= Savenaca Draunidalo =

Fijian politician (1950–2007)

Savenaca Uluibau Draunidalo (1950 – 22 December 2007), known sometimes by his chiefly title of Ratu, was a Fijian politician, who served in the Cabinet from 2001 to 2006, when a military coup ended his ministerial career. He died in a fishing accident on 22 December 2007, when his outboard boat capsized and hit him when he was en route to Naroi to celebrate the 21st birthday of his youngest daughter, Bulou Gavidi Draunidalo. Draunidalo was from the chiefly family of Naroi, Moala, in the Lau Islands.

Draunidalo was a career soldier who rose to the rank of colonel and founded the largest battalion in the Fiji Army, the Third Infantry Regiment (3FIR). He was awarded the Military Cross by Her Majesty the Queen in recognition of his services with the Fiji Infantry Regiment serving in Lebanon as part of the United Nations Peace Keeping Force United Nations Peace Keeping Missions in the Middle East and in Bougainville.

Draunidalo also served in the civil service, holding such posts as Deputy Permanent Secretary of Home Affairs and Commissioner Eastern. In the election held in September 2001, Draunidalo, won the Lau Taveuni Rotuma Open Constituency. Though elected as an independent candidate, he was appointed to the Soqosoqo Duavata ni Lewenivanua (SDL)-dominated Cabinet as Minister for Works and Energy. In the parliamentary election held on 6–13 May, he retained his seat with a large majority, and was subsequently appointed Minister for Public Enterprises.

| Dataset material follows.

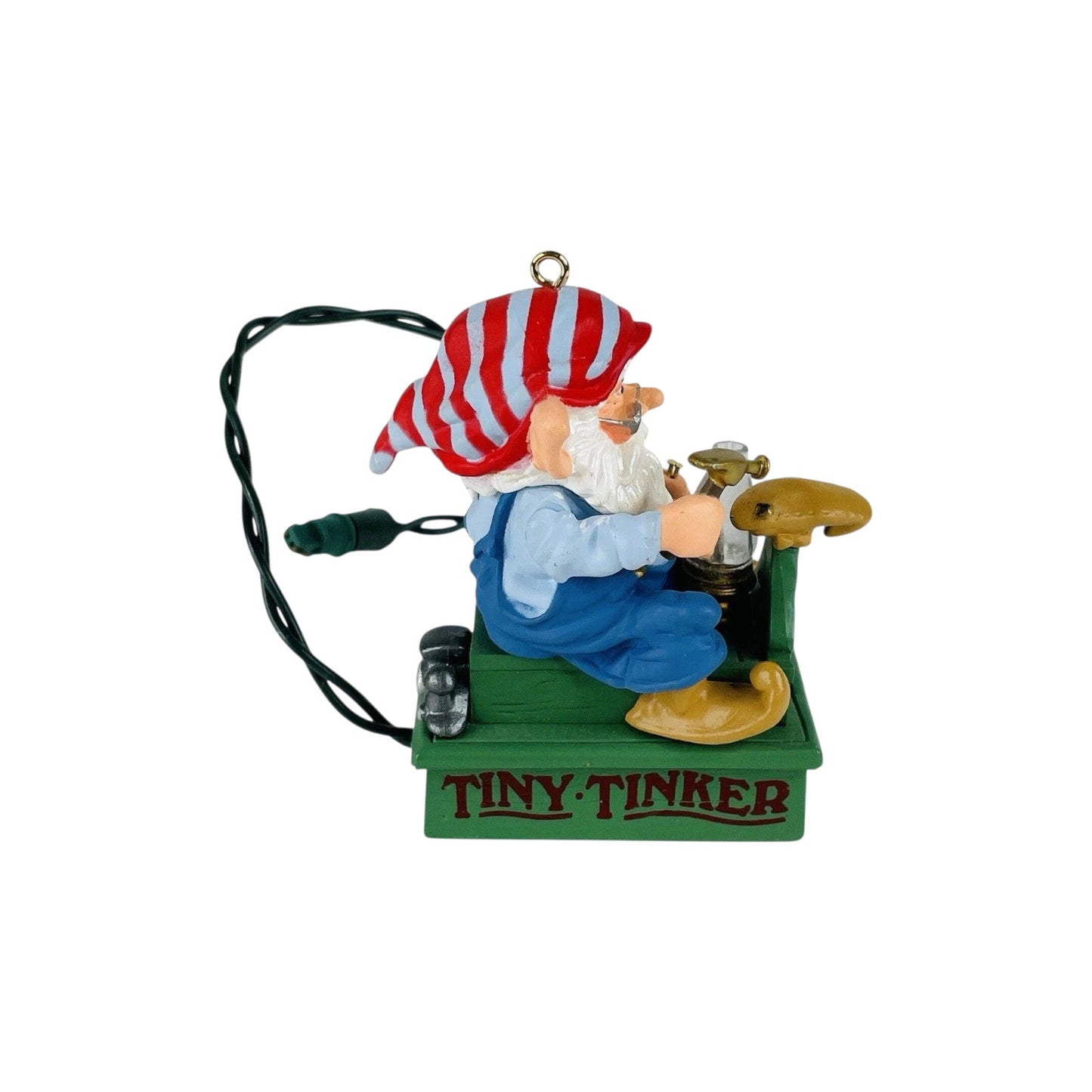 1989 Tiny Tinker (Toymaker Santa)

Draunidalo was the first husband of the late Adi Kuini Speed, a paramount chief (who held the title of Tui Noikoro) and Deputy Prime Minister in the Chaudhry government of 1999–2000. They had two children: Tupou Draunidalo, a lawyer and Vice President of the Fiji Law Society, and Captain Isireli Draunidalo, a Commissioned Officer of the Republic of Fiji Military Forces. Draunidalo subsequently married Salesia Mataitoga, with whom he had two daughters - Adi Illeyah and Bulou Gavidi, who were both educated at New Zealand universities.